Rice told the young people that their job is not easy because they will be going out into a world “where racism, sexism, classism and homophobia seem to continue to win.”

“It’s a world, he continued, “where the color of your skin can get you killed and badges are no longer immune to that. A world where folks still go hungry. A world where we got red states and blue states and nobody wants to make purple states.”

Speculating as to why previous generations—who attended and were similarly convicted by what they had heard at church gatherings like Triennium in the past—did not succeed in changing the world, Rice said that his hunch was that they changed their minds, became afraid, and stopped doing what they had set out to do.

Quoting Romans 12:1, Rice challenged the young people to make up their minds “right now” to be agents of change. And should they become afraid and feel alone in their efforts outside of the “safe place” that is Triennium, Rice offered words of assurance.

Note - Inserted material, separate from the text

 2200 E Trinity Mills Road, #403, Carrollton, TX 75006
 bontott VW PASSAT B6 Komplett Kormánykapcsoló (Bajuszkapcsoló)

“Here’s my favorite part of our text for today,” he said. “Jesus says, ‘And surely I will always be with you even until the end of the age. I don’t know about you, but that makes me feel good, because there are times when I feel like I’m all by myself in all this. That means that no matter how difficult it becomes, I’m never by myself. But I’m not the only one; you’re never alone either. The Lord is with you as well. So don’t be afraid to go. Matter of fact, you got to go. Oh, you know that you have to go because the world needs to be changed.”

Reciting a litany of all of the individuals and groups that need to hear the message that young people are agents of change—including their parents, classmates, teammates, level 1 gamers, level 40 gamers, haters, “pastors who think that they know it all”—Rice charged them to say that they have been “empowered by the one who has authority over heaven and earth to bring change.”

“And when you do that, the world will be transformed,” he said. “The world will change, but you’ve got to bring it. You gotta bring it! So that’s your ‘Great GO-Mission’! Go home and tell them that righteous change is coming!”